Give back the whole listing exactly as written, pictures excluded.

Data block:
-- Opening Marker --

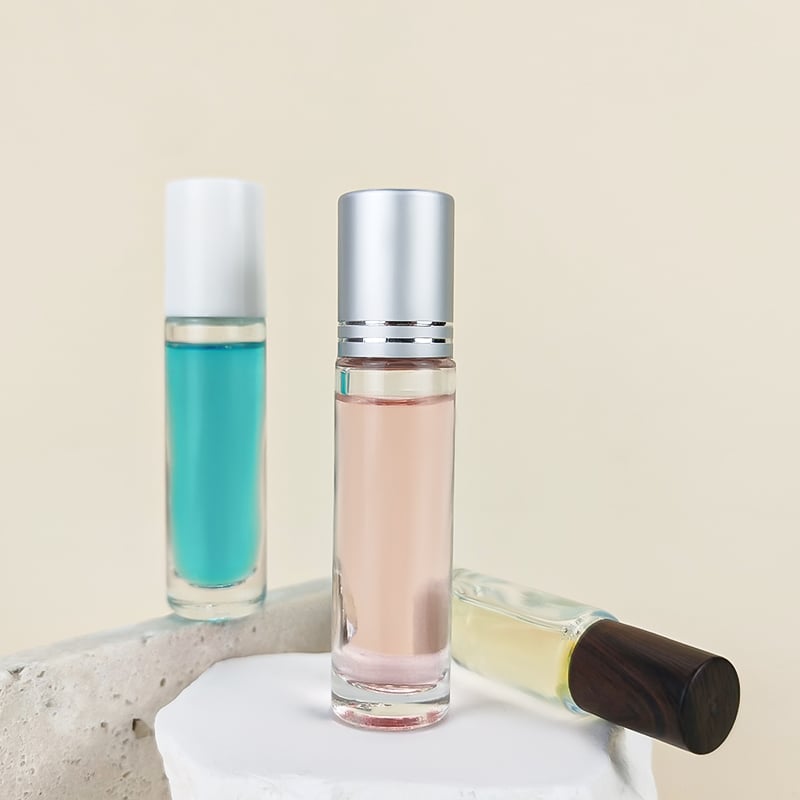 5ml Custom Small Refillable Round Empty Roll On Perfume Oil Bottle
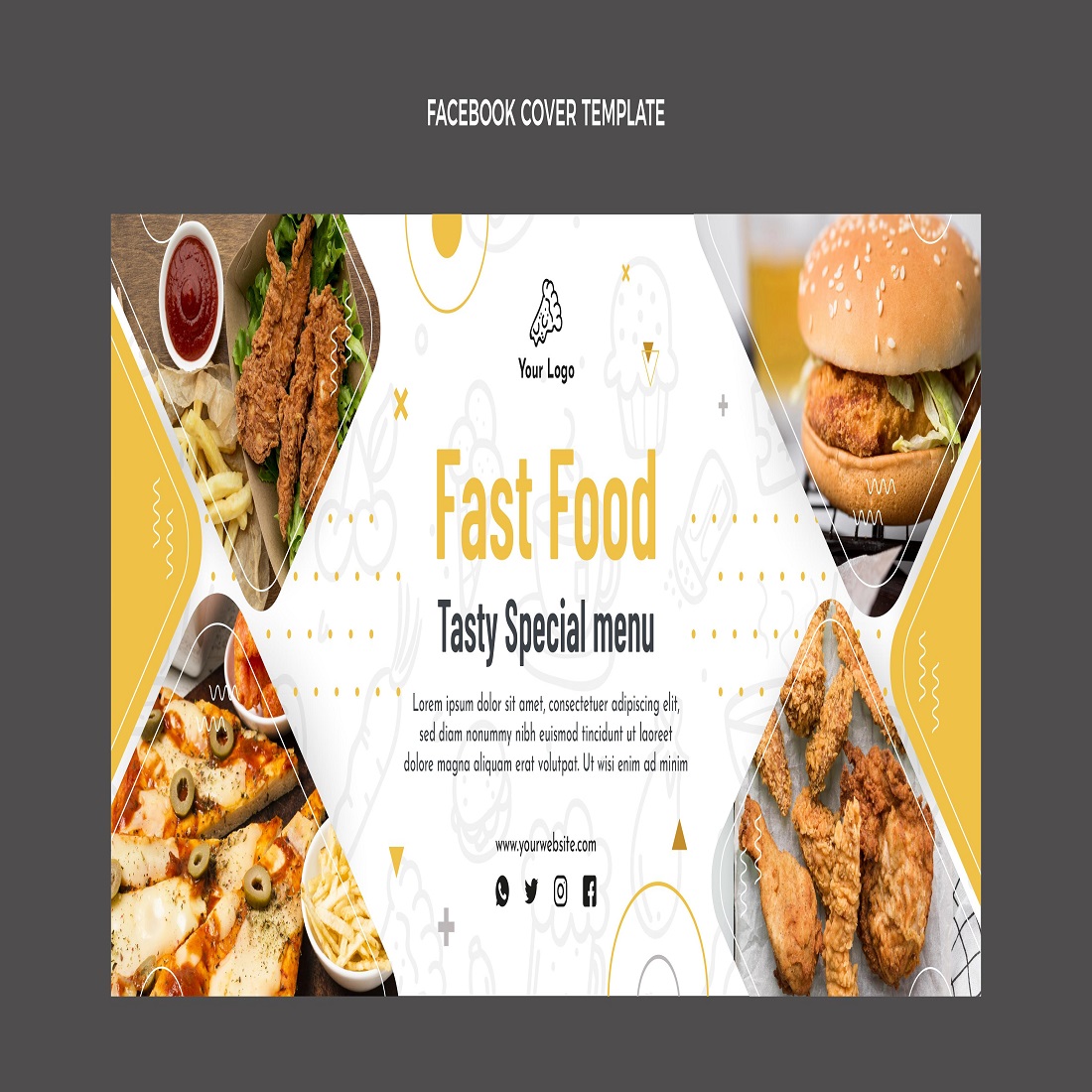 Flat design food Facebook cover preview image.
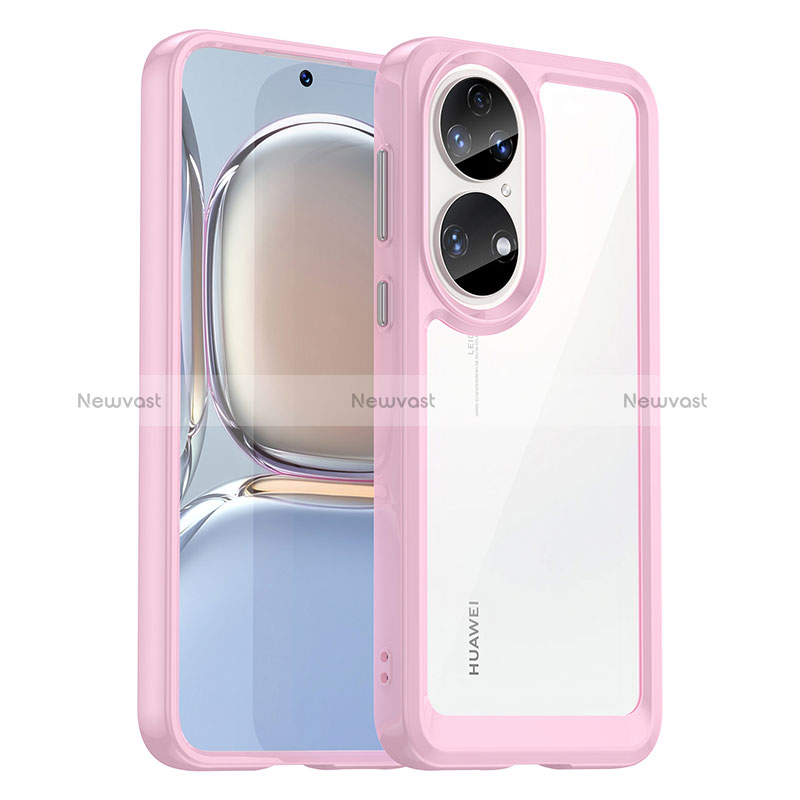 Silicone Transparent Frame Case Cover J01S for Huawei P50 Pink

-- Closing Marker --

Response:
 5ml Custom Small Refillable Round Empty Roll On Perfume Oil Bottle
 Flat design food Facebook cover preview image.
 Silicone Transparent Frame Case Cover J01S for Huawei P50 Pink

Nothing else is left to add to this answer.